PETE: We had quite a short window to test our first prototype (P1) and settle on sizing for Malaga so P1 was built with adjustable reach. The focus was on getting Gee and Rachel comfortable and ironing out any major hiccups. The early prototypes we’re used to working with are usually mules, clunky, aluminium welded bikes, this is pretty slick. Gee and Rach both settled on the bike pretty quickly and were happy to stay with the geometry we’d worked on in the off-season. Prototypes 2 and 3 were finalised and built within a matter of weeks allowing both to be tested in Malaga in early Feb.
RACH: Yeah, Malaga allows us a predictable set of circumstances, the weather is fairly constant and the track isn’t going to change between each run.
DAN: With this bike we were literally starting from scratch, six weeks back it was numbers on a computer screen. There was no baseline for kinematics, spring rates, progression, angles. Those predictable tracks were important for us to get a feel of where changes needed to happen.

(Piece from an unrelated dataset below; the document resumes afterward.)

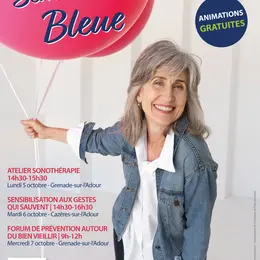 Semiane Bleue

Gee: Whenever you get on a bike in January/February even if it feels good, you’re probably not up to pace, by the first World Cup you’ll probably want something very different in terms of set-up.
DAN: Yeah, so even though the progression rate felt good on the rear end we were already up quite high on the spring rate – and it was February with plenty of speed still to be found. We’ll be trying out a few different things as we get closer to racing.
[R]: Tell us a bit more about the rest of your set-up?
RACH: We’re back with Continental and with Stans Notubes. Then we’ve got Trickstuff brakes which are mint! FSA bring seatposts and drivetrain, cockpit, pedals and mudguards remain with Renthal, Crankbrothers and Rockguardz and we’re working on a custom saddle with WTB.
What felt different about testing this year compared with previous years?
GEE: It’s exciting that we were doing this for ourselves but in the end, when you’re testing it’s about the time on the clock. Some fast runs went down! It’s so much fun pushing the bike harder and harder and seeing what it can do.
DAN: It feels like there’s a whole other level to strive for. At early season training camps the usual focus is becoming a better athlete. For us to be out there with the mindset of winning races but at the same time improving our own bike, our own brand, it means we take every detail seriously.
As you’ve just discovered, the formidable racing trio-family have certainly thrown caution into the wind with this highly ambitious new in chapter of their careers. Will it be a recipe for success? Time will be the judge of that. One thing is for certain though, we’re looking forward to following their racing progress this coming season and beyond as they set off to grow Atherton Bikes into its own empire.